◆ **MATERIAL SUPPLIED**:
● ● ● ●
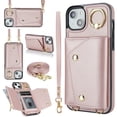 thumbnail image 1 of Crossbody Strap Wallet Case for iPhone 14 Plus with Wrist Strap, 360° Rotating Ring Kickstand & Card Holder PU Leather Purse Magnetic Snap Zipper Case Cover for iPhone 14 Plus, Rosegold, 1 of 9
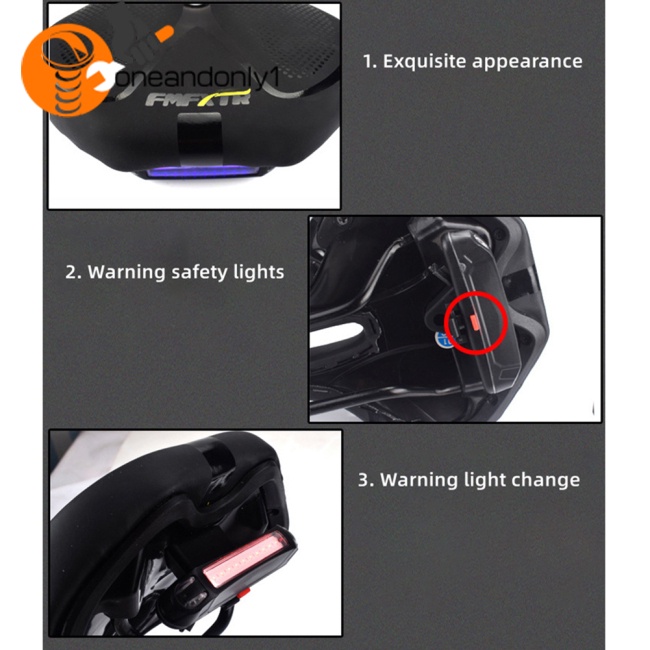 Yên Xe Đạp Leo Núi Chất Liệu Pu Dày Dặn Mềm Mại Chống Thấm Nước Có Đèn Đuôi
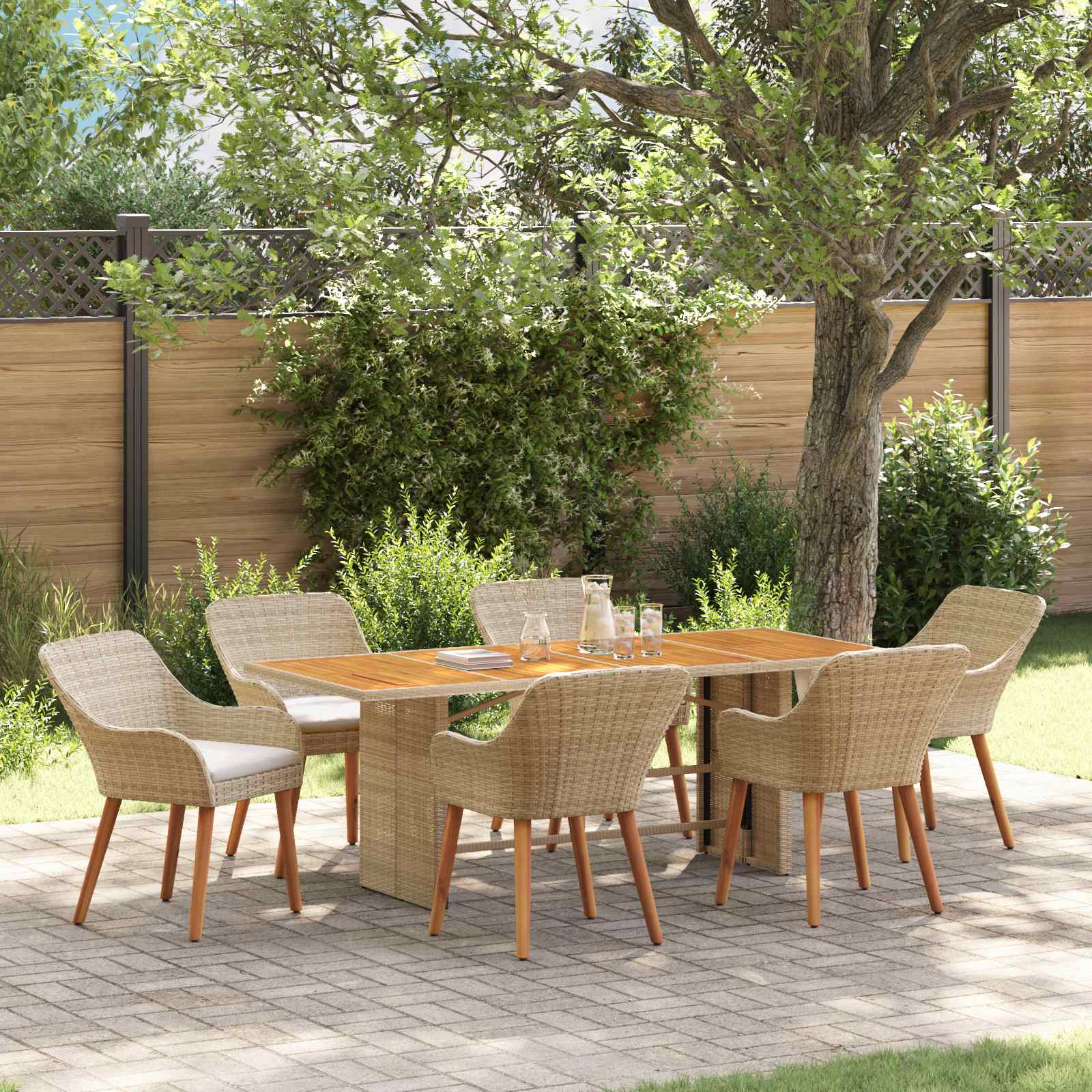 Garten Essgruppe 7 Stk. Beige Poly-Rattan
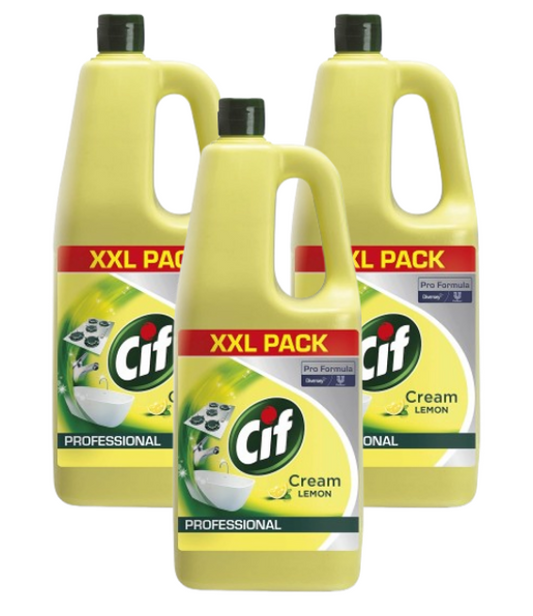 Cif Pro-Formula Cream Cleaner Lemon 2 Litre | 3 x 2 Litre Bundle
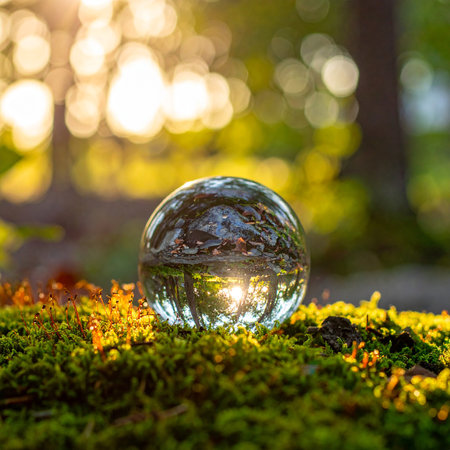 A glass sphere reflects a sunlit forest scene on mossy ground with bokeh lights. Clear details and vibrant col...の素材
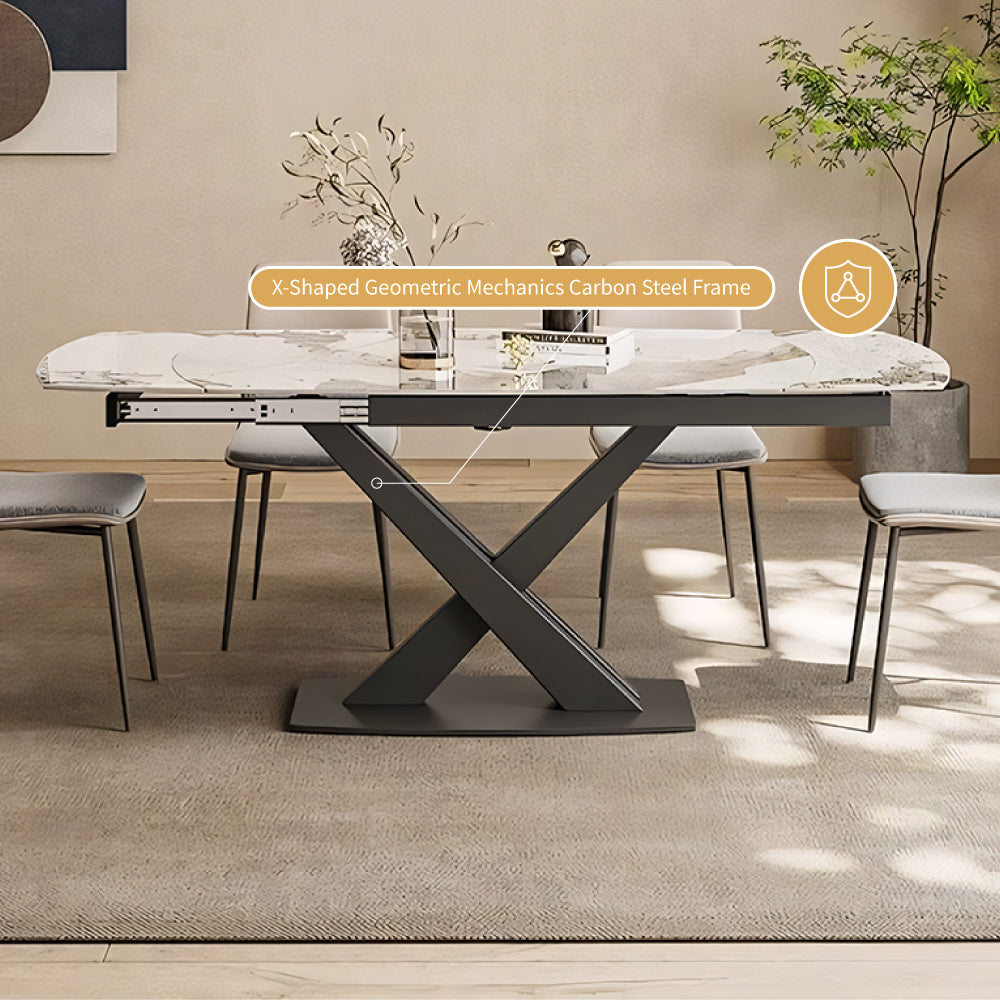 46.8"-70.2" Versatile Elegant Extending Dining Table with Rotating Top Perfect for Modern Living Spaces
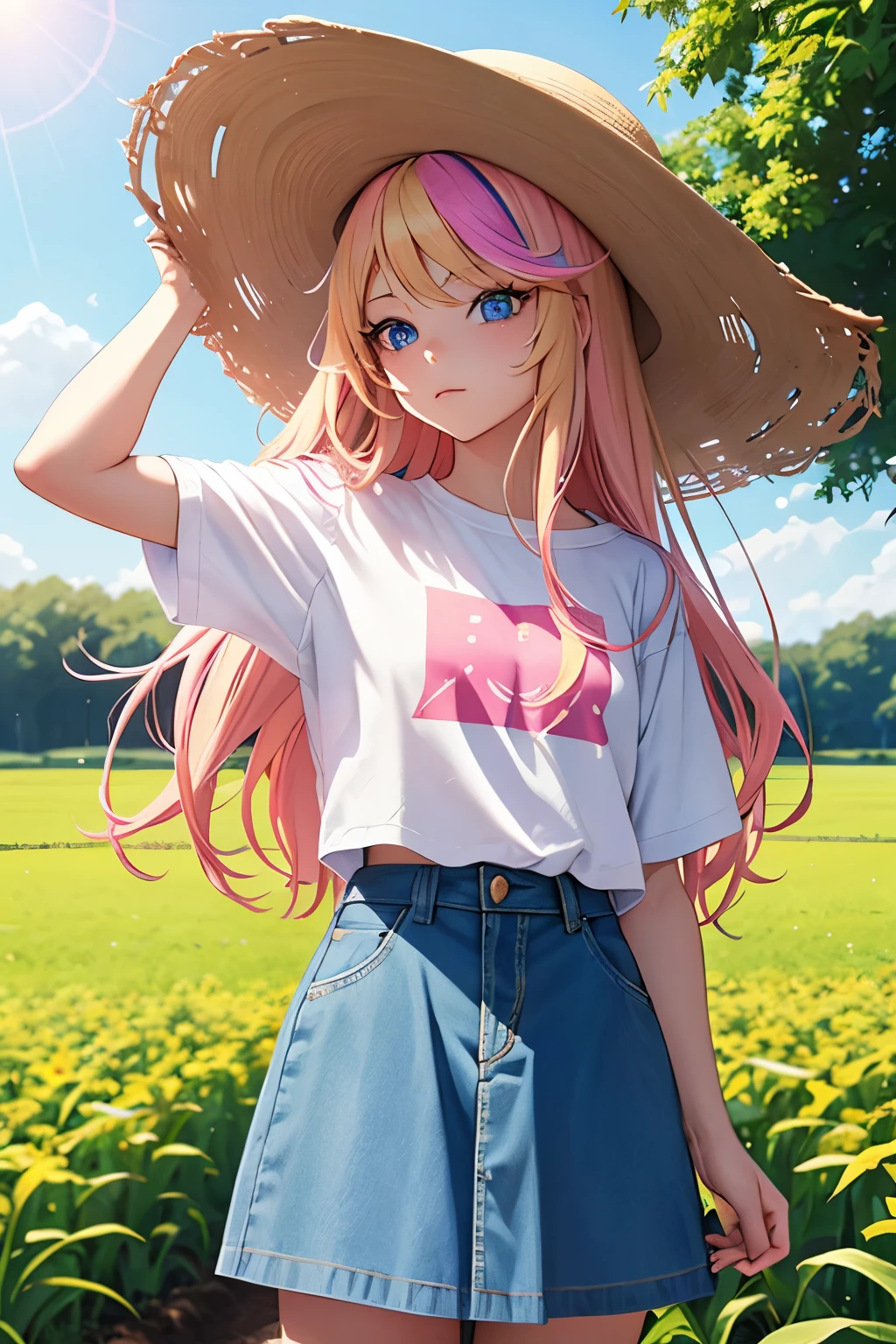 1girl, multicolored hair, pink hair, blonde hair, blonde and pink hair, blue eyes, mature, cute, 17 years old, long hair, super long hair, sun hat, farm girl, white shirt, denim skirt, in field, in cornfield, on farm, farm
● ● ● ●
◆ **WORK TASK**:
Set down exactly the lines between the line containing "A glass sphere" and the end of the records above, both ends included; pictures stay out.

◆ **RESPONSE BELOW**:
 A glass sphere reflects a sunlit forest scene on mossy ground with bokeh lights. Clear details and vibrant col...の素材
 46.8"-70.2" Versatile Elegant Extending Dining Table with Rotating Top Perfect for Modern Living Spaces
 1girl, multicolored hair, pink hair, blonde hair, blonde and pink hair, blue eyes, mature, cute, 17 years old, long hair, super long hair, sun hat, farm girl, white shirt, denim skirt, in field, in cornfield, on farm, farm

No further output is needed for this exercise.